Armando Chaguaceda

Terraplanismo político

DISTOPÍA CRIOLLA

Armando Chaguaceda
Armando Chaguaceda
Por:

Para L.D

Tengo un amigo que es un referente en temas de Derechos Humanos y Democracia en México y Latinoamérica. Un tipo que piensa bien y, además, pone el cuerpo —desde tiempos mozos—en diversas luchas sociales. Alguien que sigue analizando, reclamando y proponiendo hoy lo mismo que sostuvo ante los gobiernos neoliberales: más transparencia y participación, mejor rendición de cuentas y contrapesos al ejercicio del poder. Pero mi amigo, hoy como ayer, molesta. Y quienes no pueden rebatir su trayectoria y argumentos —con él no cabe eso de “y tú dónde estabas cuando...”— le dicen que “piensa en abstracto”. Que debe “bajar al pueblo”.

No sé que es eso de “pensar en concreto”, pero espanta el antiintelectualismo de, paradójicamente, otros intelectuales. La censura inducida de académicos para con sus colegas. La abdicación del pensar. Una historia que se repite, durante el pasado siglo, por todo el orbe.

La política puede vivirse como administración de lo existente y como cambio radical.
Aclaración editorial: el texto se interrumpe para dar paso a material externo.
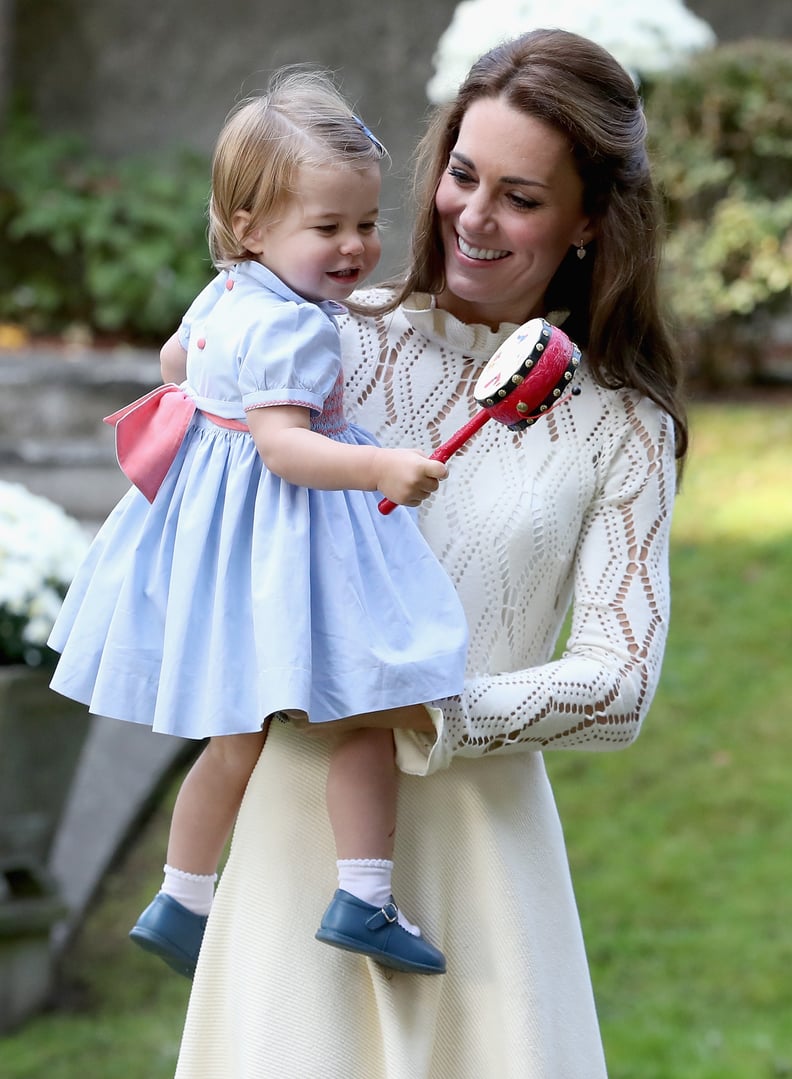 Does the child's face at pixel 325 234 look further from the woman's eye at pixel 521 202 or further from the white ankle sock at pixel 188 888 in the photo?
the white ankle sock at pixel 188 888

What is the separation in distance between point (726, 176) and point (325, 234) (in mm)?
6041

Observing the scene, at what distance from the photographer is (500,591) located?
221 cm

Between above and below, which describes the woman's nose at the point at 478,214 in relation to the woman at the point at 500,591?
above

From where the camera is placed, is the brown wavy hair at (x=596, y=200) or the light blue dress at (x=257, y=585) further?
the brown wavy hair at (x=596, y=200)

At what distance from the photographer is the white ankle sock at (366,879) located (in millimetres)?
2055

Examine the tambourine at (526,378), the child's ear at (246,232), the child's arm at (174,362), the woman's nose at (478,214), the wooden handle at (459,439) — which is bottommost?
the child's arm at (174,362)

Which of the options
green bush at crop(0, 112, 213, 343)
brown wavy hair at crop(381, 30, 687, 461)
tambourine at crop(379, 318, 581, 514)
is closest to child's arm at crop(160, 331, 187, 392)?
Result: brown wavy hair at crop(381, 30, 687, 461)

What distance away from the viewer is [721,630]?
609cm

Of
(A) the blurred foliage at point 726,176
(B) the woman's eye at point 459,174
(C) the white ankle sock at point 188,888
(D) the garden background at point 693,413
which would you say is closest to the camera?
(B) the woman's eye at point 459,174

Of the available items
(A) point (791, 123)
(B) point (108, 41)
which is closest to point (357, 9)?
(B) point (108, 41)

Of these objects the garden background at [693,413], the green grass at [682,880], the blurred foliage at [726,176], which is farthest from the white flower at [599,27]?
the green grass at [682,880]

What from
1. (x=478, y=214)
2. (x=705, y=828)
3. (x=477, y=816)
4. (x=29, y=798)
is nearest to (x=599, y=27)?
(x=705, y=828)

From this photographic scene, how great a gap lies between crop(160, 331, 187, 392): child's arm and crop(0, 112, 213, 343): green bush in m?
6.68

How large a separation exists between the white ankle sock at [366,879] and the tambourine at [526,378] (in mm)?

Ninguna de ellas es, per se, portadora de la virtú. Quienes administran las estructuras creadas, pueden hacerlo de un modo conservador —protegiendo privilegios enquistados— o mejorando las cosas con reformas que beneficien a las mayorías. La aspiración a un cambio radical reúne en su seno a mucha gente honesta, entregada a la transformación de los males persistentes, pero también a oportunistas y fanáticos que cimentarán el encumbramiento de una nueva élite. En Latinoamérica, el riesgo de los administradores radica en la parálisis; en acotar su agenda a cambios cosméticos de una realidad desigual, jerárquica y violenta. El peligro de los radicales reside en el desprecio por los consensos y el pluralismo inherentes a toda sociedad abierta. El proyecto de una reforma integral y sostenible del orden socioeconómico y político excluyente queda presa, en nuestros países, de pactos inmovilistas y fiebres refundacionales.

¿Qué puede hacer la academia ante ese reto? La intelectualidad juega un papel crucial en los procesos de profundización democrática. Su rol es clave, en tanto la democracia posee, como explicaba Norbert Lechner, un sustrato cultural —cognitivo y afectivo— que rebasa las instituciones políticas y los fundamentos materiales de la vida social. Dicho sustrato estructura un campo de discursos plurales, capaces de interpelar a los participantes y las políticas en curso. El espacio clave para esta deliberación intelectualmente motivada se ubica en la esfera pública.

Como he dicho antes, al responder los intelectuales a la demanda social de análisis y crítica, asumen la representación de agendas colectivas, la preservación de la memoria y el ejercicio de la responsabilidad cívica. Les define la circulación de ideas, la vocación para intervenir en la esfera pública. También la pretensión de ejercer influencia sobre las elites y públicos, en soporte u oposición a posturas políticas específicas. Por ello, la autoridad del intelectual se sustentará en una mix-

tura —imperfecta y no siempre proporcional— entre competencia académica, coherencia ética y sensibilidad social. La apelación a cualquier fe política no tiene aquí cabida.

Cuando el debate público se vigoriza, los discursos políticos —otrora preocupación de minorías metropolitanas— se expanden a las “periferias” sociales y territoriales de la nación, amplían su presencia en la vida cotidiana de la gente. Pero la polarización puede asfixiar al pluralismo de ideas y atentar contra la siempre relativa autonomía intelectual. La ideología —como conjunto de ideas y valores que ordenan nuestra visión del mundo y sus alternativas— no puede ser un fórceps para la reflexión intelectual y el activismo transformador. La falacia del Fin de la Historia no puede ser sustituida con el terraplanismo político.